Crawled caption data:
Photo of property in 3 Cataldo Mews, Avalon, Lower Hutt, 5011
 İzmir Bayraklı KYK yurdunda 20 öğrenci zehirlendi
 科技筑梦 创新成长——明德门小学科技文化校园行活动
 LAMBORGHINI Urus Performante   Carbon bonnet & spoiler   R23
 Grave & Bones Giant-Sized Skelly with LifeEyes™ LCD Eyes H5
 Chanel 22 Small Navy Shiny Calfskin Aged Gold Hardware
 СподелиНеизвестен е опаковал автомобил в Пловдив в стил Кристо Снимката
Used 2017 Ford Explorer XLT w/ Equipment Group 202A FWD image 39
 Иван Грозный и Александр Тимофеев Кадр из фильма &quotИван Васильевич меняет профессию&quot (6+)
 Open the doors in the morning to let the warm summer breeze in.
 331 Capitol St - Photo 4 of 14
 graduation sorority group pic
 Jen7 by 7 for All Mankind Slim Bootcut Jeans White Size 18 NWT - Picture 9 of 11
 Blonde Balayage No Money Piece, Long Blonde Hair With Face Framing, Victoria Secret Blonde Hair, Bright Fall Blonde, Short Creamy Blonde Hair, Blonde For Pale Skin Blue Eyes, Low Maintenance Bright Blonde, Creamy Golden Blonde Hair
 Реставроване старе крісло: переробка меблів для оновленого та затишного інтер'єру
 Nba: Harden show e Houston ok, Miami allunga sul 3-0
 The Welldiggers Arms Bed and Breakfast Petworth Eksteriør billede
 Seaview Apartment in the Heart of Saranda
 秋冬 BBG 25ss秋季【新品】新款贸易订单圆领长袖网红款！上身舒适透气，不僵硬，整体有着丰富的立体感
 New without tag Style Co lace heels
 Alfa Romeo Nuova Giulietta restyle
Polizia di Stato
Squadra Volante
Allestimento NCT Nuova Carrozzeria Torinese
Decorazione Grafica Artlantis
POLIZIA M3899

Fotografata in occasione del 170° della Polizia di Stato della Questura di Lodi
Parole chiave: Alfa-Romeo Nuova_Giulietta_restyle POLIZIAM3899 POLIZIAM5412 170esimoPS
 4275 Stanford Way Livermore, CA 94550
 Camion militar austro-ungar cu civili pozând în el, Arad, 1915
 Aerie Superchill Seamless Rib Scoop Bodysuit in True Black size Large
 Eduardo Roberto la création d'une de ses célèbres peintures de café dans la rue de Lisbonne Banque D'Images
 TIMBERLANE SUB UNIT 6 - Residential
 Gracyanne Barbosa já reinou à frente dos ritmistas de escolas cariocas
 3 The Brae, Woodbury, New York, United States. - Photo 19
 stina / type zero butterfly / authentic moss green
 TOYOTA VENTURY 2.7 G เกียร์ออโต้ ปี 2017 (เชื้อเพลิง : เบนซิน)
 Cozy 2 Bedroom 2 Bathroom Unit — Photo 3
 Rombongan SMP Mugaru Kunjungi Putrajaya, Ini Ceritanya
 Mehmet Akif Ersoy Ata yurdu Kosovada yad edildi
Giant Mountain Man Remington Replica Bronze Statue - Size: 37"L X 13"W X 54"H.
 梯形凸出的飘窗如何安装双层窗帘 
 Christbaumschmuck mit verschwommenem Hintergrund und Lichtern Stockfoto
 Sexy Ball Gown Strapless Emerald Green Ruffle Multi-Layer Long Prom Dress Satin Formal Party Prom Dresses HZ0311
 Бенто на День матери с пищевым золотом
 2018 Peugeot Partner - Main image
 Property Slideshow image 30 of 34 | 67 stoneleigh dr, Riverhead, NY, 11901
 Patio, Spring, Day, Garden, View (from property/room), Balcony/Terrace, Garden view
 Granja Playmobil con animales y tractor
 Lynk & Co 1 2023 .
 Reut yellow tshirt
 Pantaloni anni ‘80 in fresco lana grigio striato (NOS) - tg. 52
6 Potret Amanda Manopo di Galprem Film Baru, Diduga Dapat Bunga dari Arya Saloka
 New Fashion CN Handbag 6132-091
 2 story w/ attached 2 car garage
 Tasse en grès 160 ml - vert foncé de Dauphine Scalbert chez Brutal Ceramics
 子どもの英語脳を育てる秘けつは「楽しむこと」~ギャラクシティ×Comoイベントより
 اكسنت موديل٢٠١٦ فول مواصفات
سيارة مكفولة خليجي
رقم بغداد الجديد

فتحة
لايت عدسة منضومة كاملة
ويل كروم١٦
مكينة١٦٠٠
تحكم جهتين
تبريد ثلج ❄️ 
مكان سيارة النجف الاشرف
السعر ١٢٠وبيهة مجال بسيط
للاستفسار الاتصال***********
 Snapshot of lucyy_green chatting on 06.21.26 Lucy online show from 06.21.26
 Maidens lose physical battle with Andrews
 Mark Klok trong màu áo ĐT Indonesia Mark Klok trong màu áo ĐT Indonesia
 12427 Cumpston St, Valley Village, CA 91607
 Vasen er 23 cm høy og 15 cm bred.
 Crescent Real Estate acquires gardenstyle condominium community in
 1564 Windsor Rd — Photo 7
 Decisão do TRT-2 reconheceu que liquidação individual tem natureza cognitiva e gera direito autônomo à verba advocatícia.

How to complete this task:
A word-for-word copy of the lines above from the one with "Grave & Bones" through the one with "Seaview Apartment in the Heart of Saranda", inclusive, is the only output wanted.

Written response:
 Grave & Bones Giant-Sized Skelly with LifeEyes™ LCD Eyes H5
 Chanel 22 Small Navy Shiny Calfskin Aged Gold Hardware
 СподелиНеизвестен е опаковал автомобил в Пловдив в стил Кристо Снимката
Used 2017 Ford Explorer XLT w/ Equipment Group 202A FWD image 39
 Иван Грозный и Александр Тимофеев Кадр из фильма &quotИван Васильевич меняет профессию&quot (6+)
 Open the doors in the morning to let the warm summer breeze in.
 331 Capitol St - Photo 4 of 14
 graduation sorority group pic
 Jen7 by 7 for All Mankind Slim Bootcut Jeans White Size 18 NWT - Picture 9 of 11
 Blonde Balayage No Money Piece, Long Blonde Hair With Face Framing, Victoria Secret Blonde Hair, Bright Fall Blonde, Short Creamy Blonde Hair, Blonde For Pale Skin Blue Eyes, Low Maintenance Bright Blonde, Creamy Golden Blonde Hair
 Реставроване старе крісло: переробка меблів для оновленого та затишного інтер'єру
 Nba: Harden show e Houston ok, Miami allunga sul 3-0
 The Welldiggers Arms Bed and Breakfast Petworth Eksteriør billede
 Seaview Apartment in the Heart of Saranda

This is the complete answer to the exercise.